EXERCISE MATERIALS.
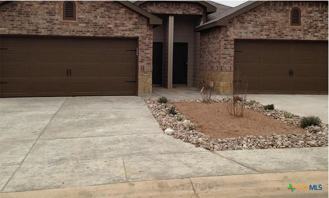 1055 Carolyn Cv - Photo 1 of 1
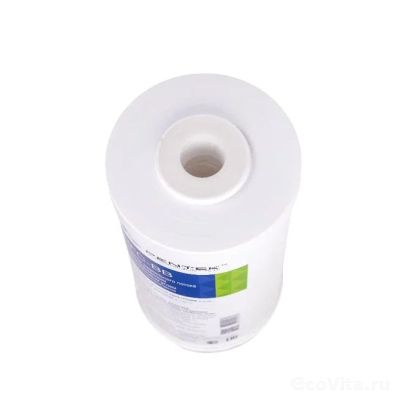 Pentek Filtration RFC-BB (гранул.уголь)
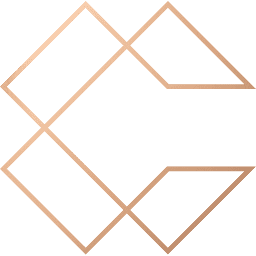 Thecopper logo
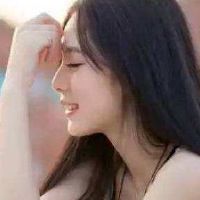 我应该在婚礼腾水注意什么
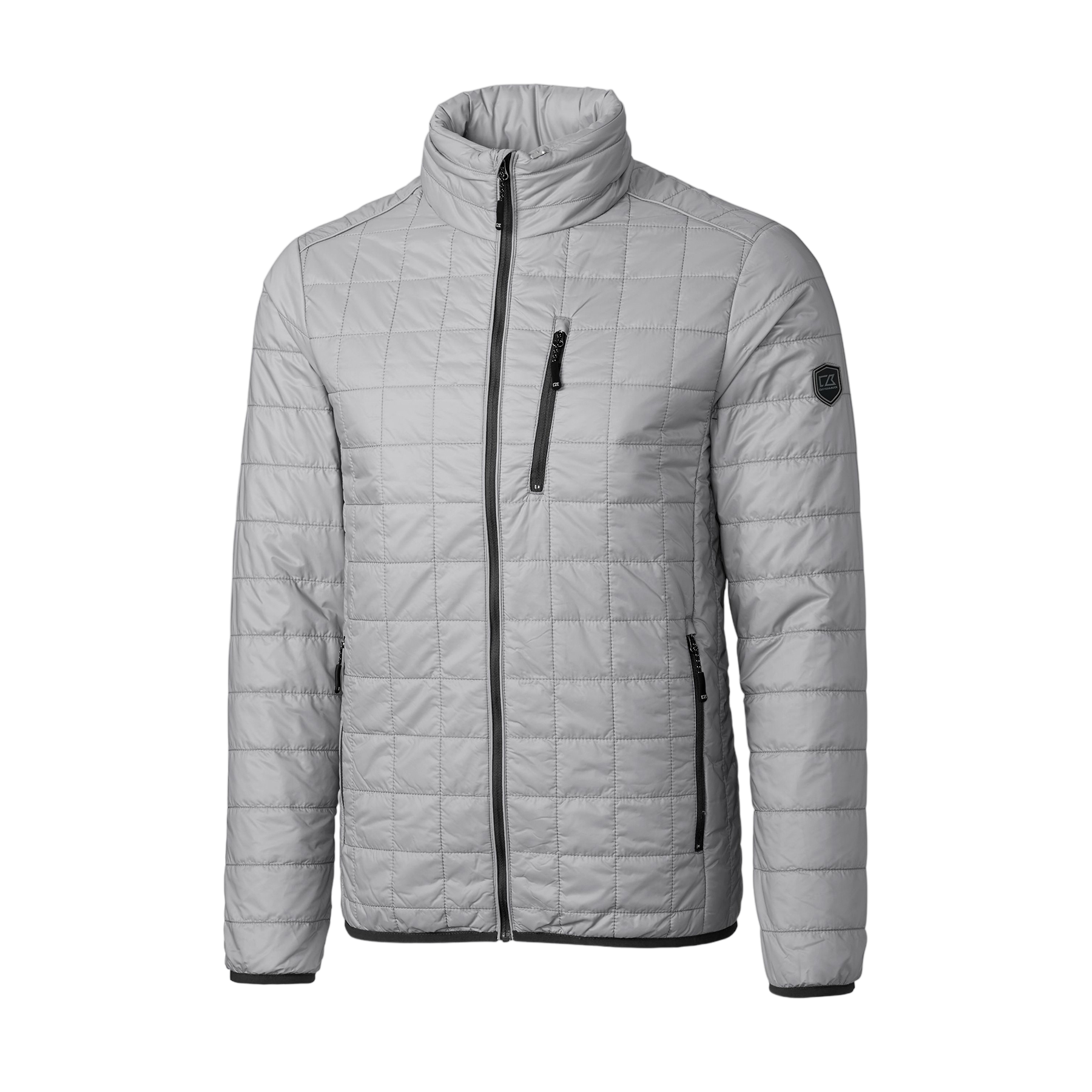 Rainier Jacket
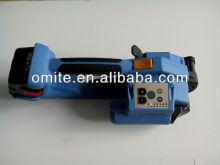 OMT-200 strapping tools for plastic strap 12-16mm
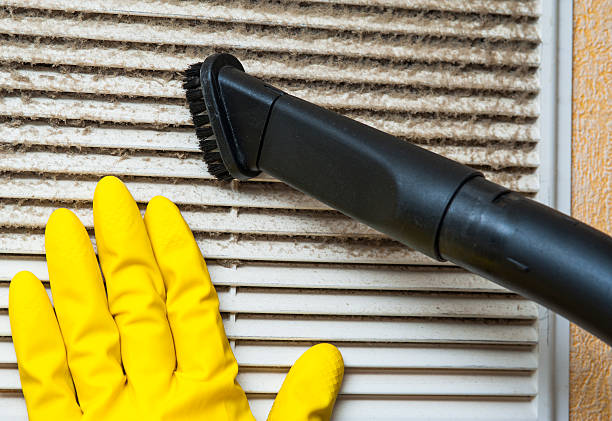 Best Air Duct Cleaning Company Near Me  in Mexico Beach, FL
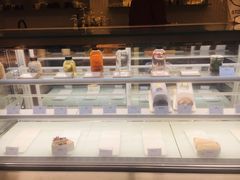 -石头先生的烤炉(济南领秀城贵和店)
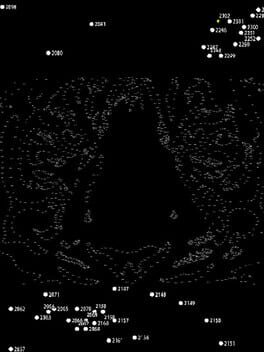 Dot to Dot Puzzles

YOUR OBJECTIVE. Once the images are dropped, set down the remaining material word for word.

EXPECTED ANSWER.
 1055 Carolyn Cv - Photo 1 of 1
 Pentek Filtration RFC-BB (гранул.уголь)
 Thecopper logo
 我应该在婚礼腾水注意什么
 Rainier Jacket
 OMT-200 strapping tools for plastic strap 12-16mm
 Best Air Duct Cleaning Company Near Me  in Mexico Beach, FL
 -石头先生的烤炉(济南领秀城贵和店)
 Dot to Dot Puzzles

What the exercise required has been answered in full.